Image-caption web data:
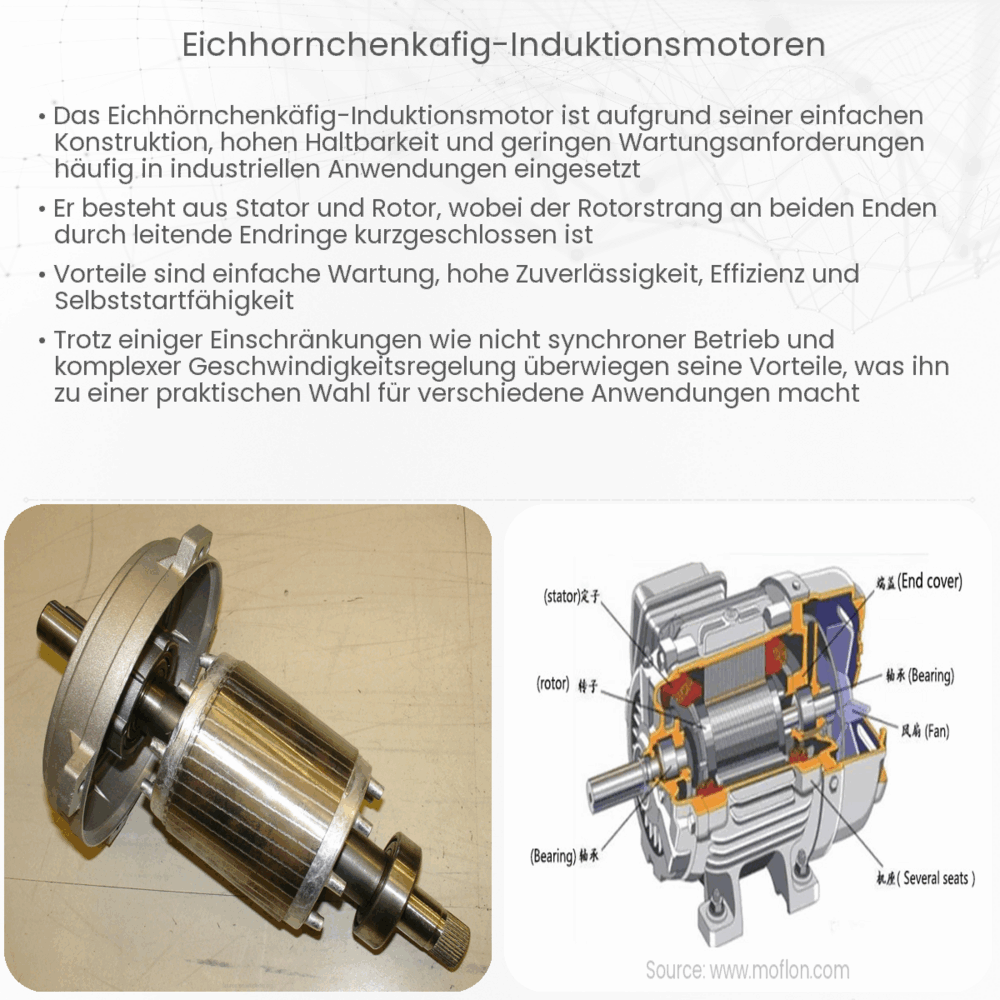 Eichhörnchenkäfig-Induktionsmotoren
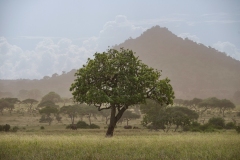 2015-The-Tarangire-hill-Tarangire-area-Tanzania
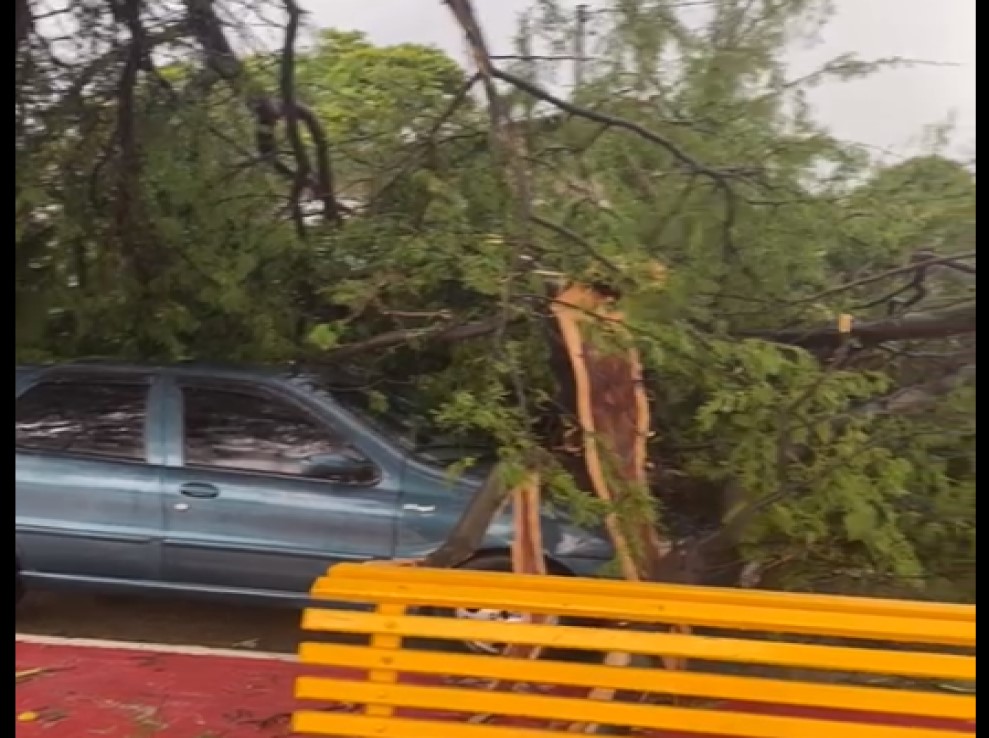 Por conta de chuva, árvores caem e atingem automóveis estacionados em Guanambi 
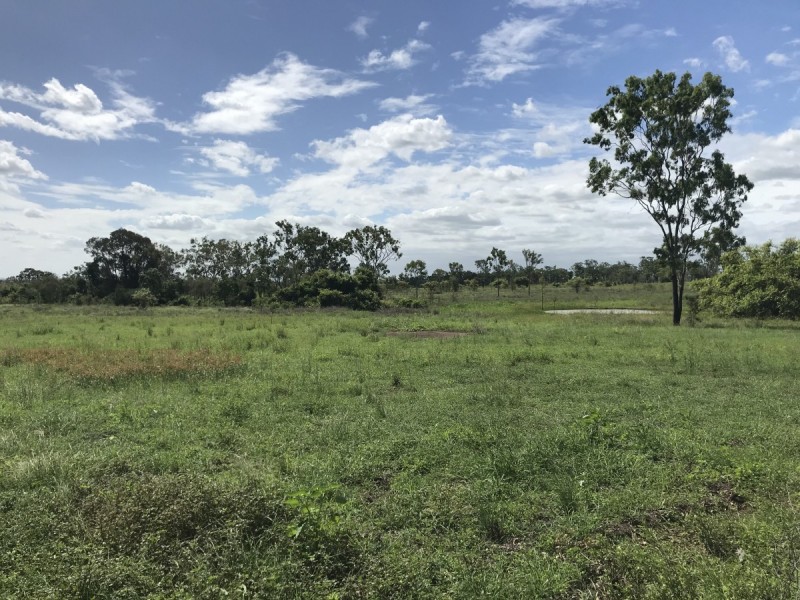 45 Spragg Road, Alton Downs QLD 4702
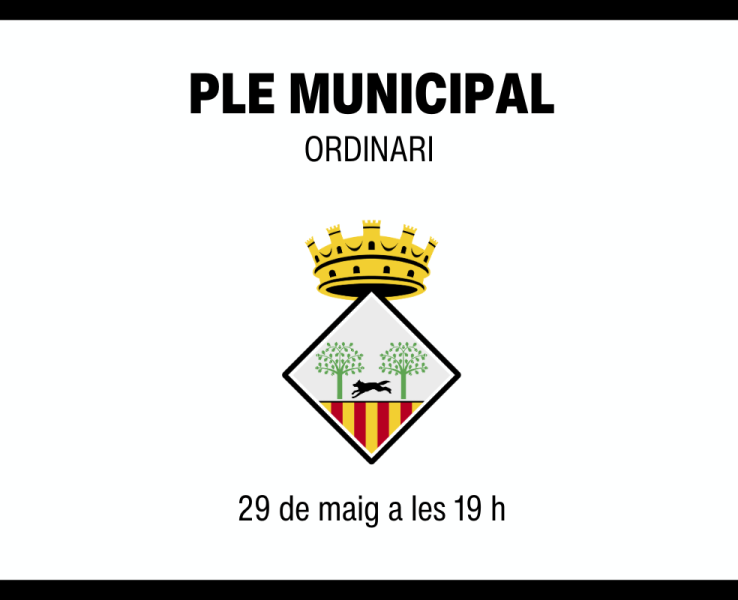 Ple municipal ordinari del 29 de maig de 2025
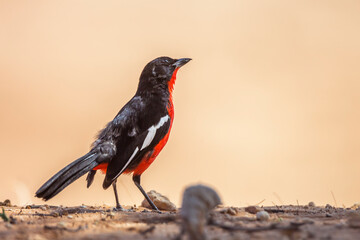 Crimson breasted Gonolek isolated in natural background in Kgalagadi transfrontier park, South Africa; specie Laniarius atrococcineus family of Malaconotidae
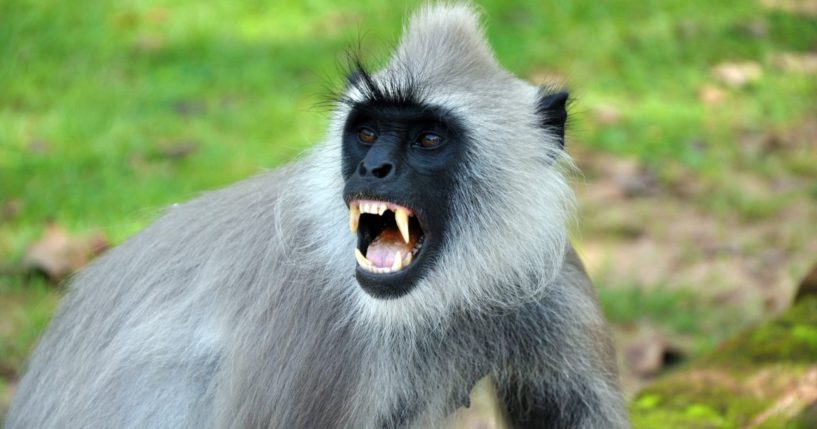 A langur monkey bares its teeth in the above stock image.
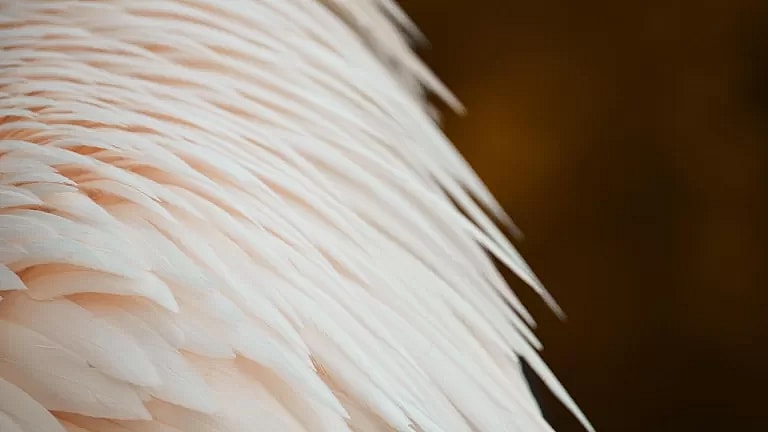 What is Laparoscopic Greater Curve Plication: Overview, Benefits, and Expected Results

**Task to complete:**
From the line with "Ple municipal ordinari" to the final line of the entries above, reproduce each line exactly and nothing else; the pictures stay out.

**Response to the exercise:**
 Ple municipal ordinari del 29 de maig de 2025
 Crimson breasted Gonolek isolated in natural background in Kgalagadi transfrontier park, South Africa; specie Laniarius atrococcineus family of Malaconotidae
 A langur monkey bares its teeth in the above stock image.
 What is Laparoscopic Greater Curve Plication: Overview, Benefits, and Expected Results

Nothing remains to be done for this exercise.